What the task requires
Look through the data below and output, unchanged, every line from the one holding "Bata Hombre Invierno" through the one holding "Spodnie damskie capris", inclusive. Skip the pictures.

Available data
══════════
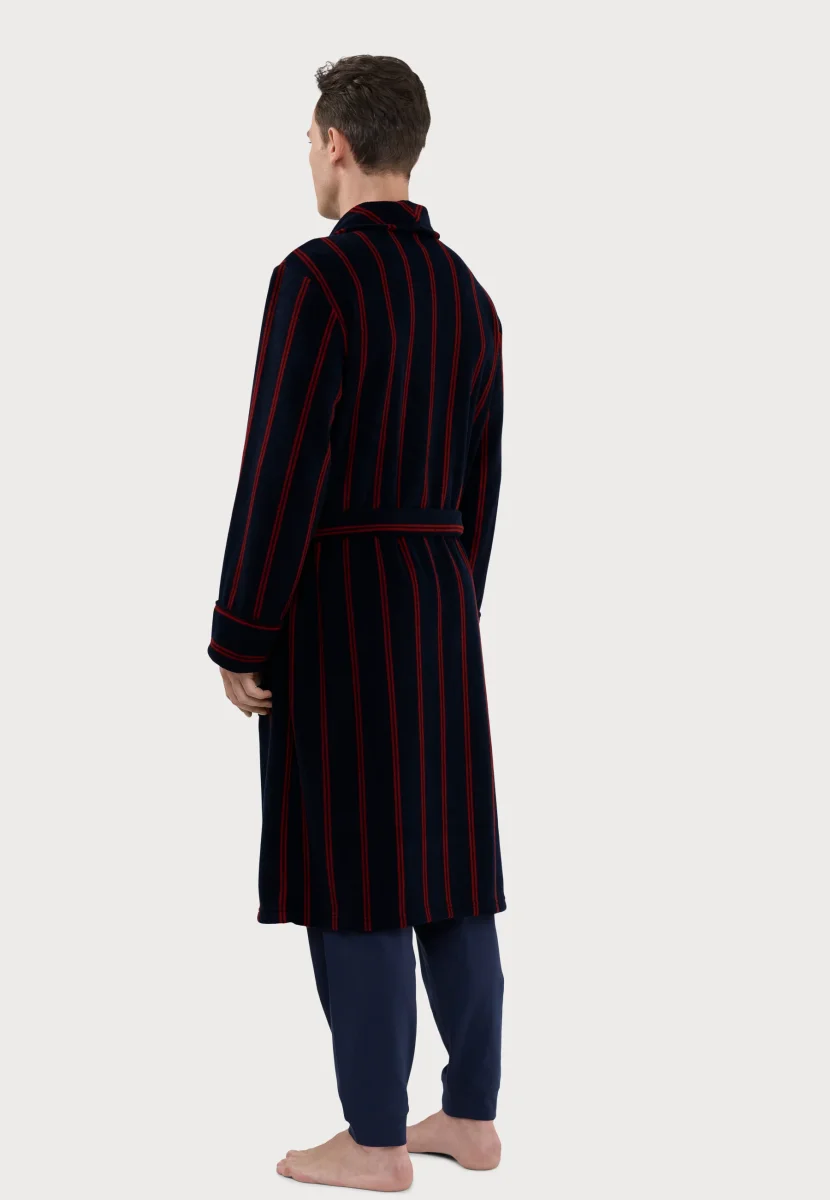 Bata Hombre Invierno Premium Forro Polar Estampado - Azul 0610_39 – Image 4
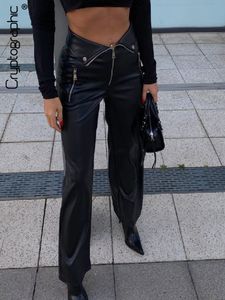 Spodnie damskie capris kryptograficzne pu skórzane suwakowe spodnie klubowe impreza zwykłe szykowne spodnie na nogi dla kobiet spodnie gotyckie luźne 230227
══════════
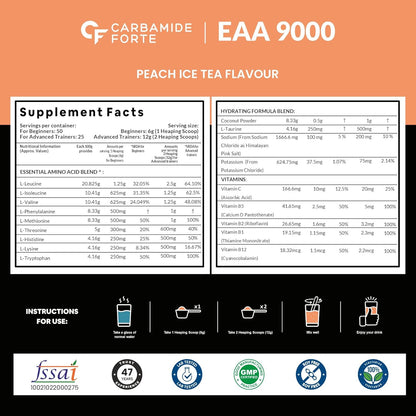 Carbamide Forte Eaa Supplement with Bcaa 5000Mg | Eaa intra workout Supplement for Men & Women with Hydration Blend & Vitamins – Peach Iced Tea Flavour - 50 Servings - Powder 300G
══════════
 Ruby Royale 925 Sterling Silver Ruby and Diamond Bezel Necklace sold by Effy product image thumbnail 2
══════════
Reply to the exercise
 Bata Hombre Invierno Premium Forro Polar Estampado - Azul 0610_39 – Image 4
 Spodnie damskie capris kryptograficzne pu skórzane suwakowe spodnie klubowe impreza zwykłe szykowne spodnie na nogi dla kobiet spodnie gotyckie luźne 230227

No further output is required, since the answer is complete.